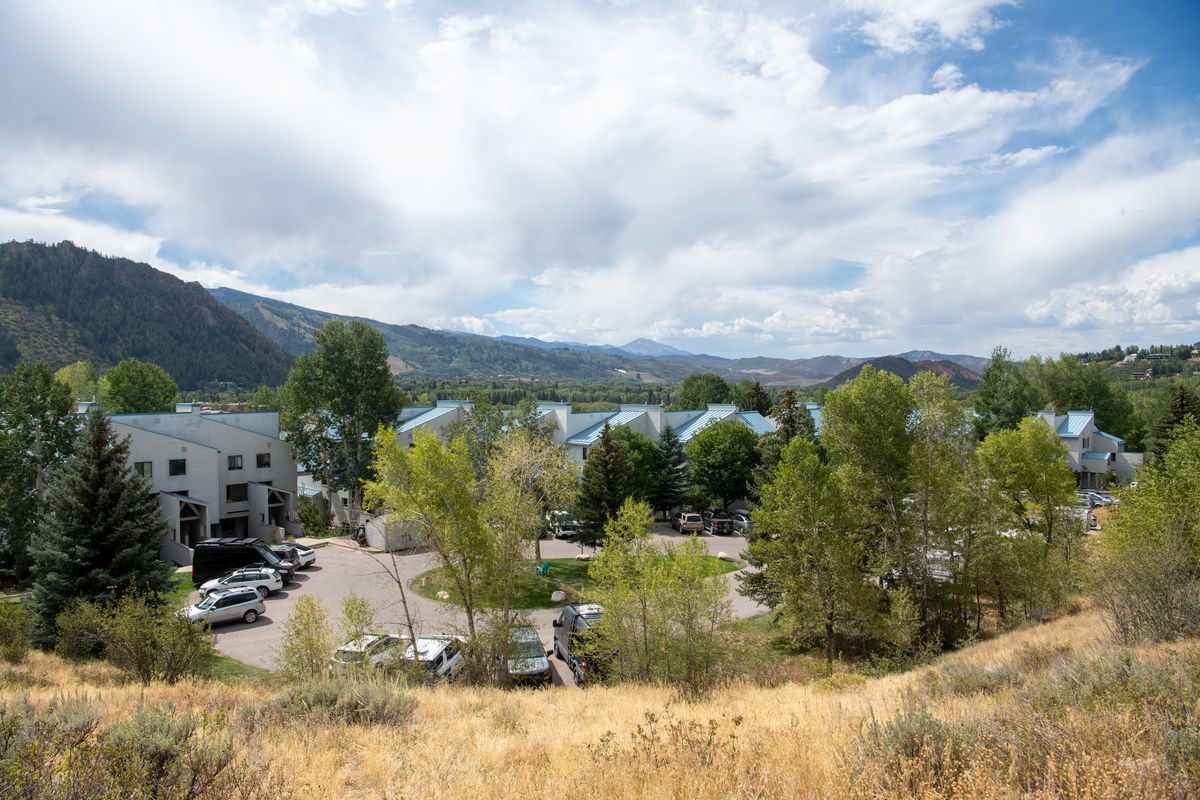 Centennial, city still working through terms of building defect settlement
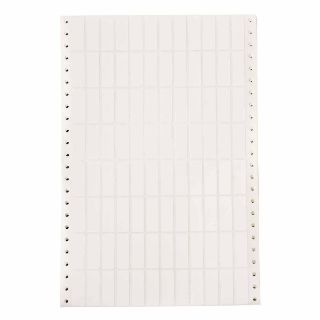 Picture of DAT-24-502-10 BRA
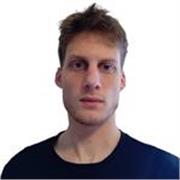 Lezioni private e aiuto compiti per Matematica, Fisica e Geometria.
Per ragazzi delle scuole superiori e universitari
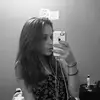 brooke.north - @brooke.north - TikTok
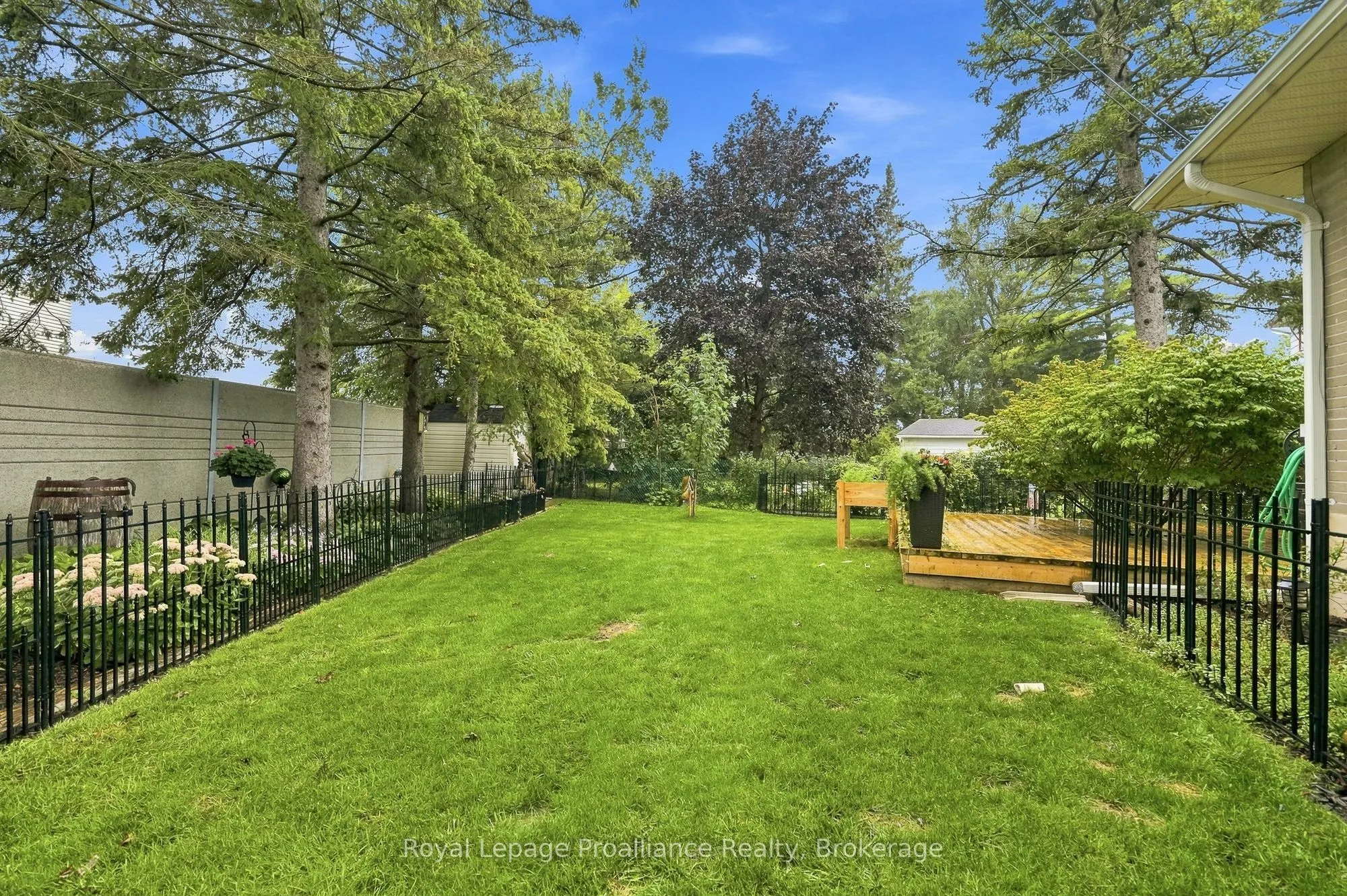 130 Hastings Drive
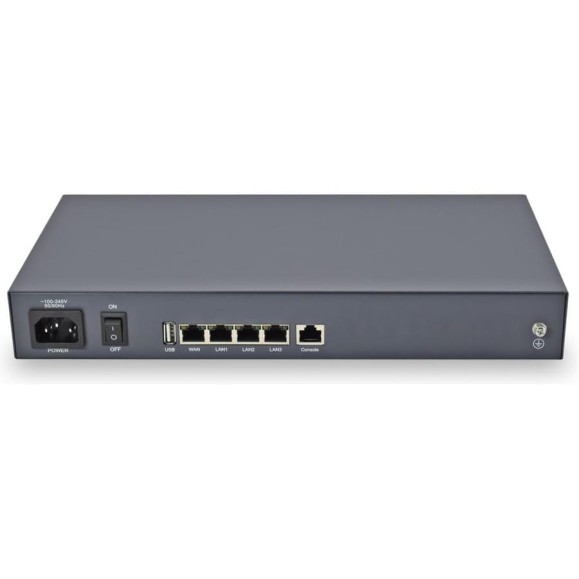 IP АТС W&T W_T-NS50 W&T-NS50 IP АТС W&T W_T-NS50 W&T-NS50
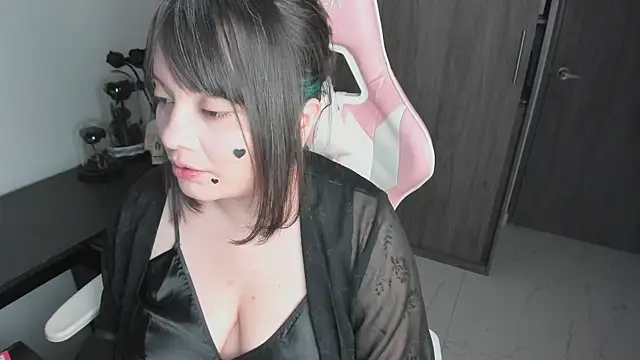  hikaru arimura online show from 15, 4, 2026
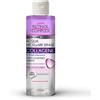 Retinol complex Acqua Micellare Bifasico - 300 ml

------------------------------

◆ **Work order**: After dropping the pictures, reproduce exactly the lines from the first line of the entries through the line containing "130 Hastings Drive", both included.

◆ **Expected output**:
 Centennial, city still working through terms of building defect settlement
 Picture of DAT-24-502-10 BRA
 Lezioni private e aiuto compiti per Matematica, Fisica e Geometria.
Per ragazzi delle scuole superiori e universitari
 brooke.north - @brooke.north - TikTok
 130 Hastings Drive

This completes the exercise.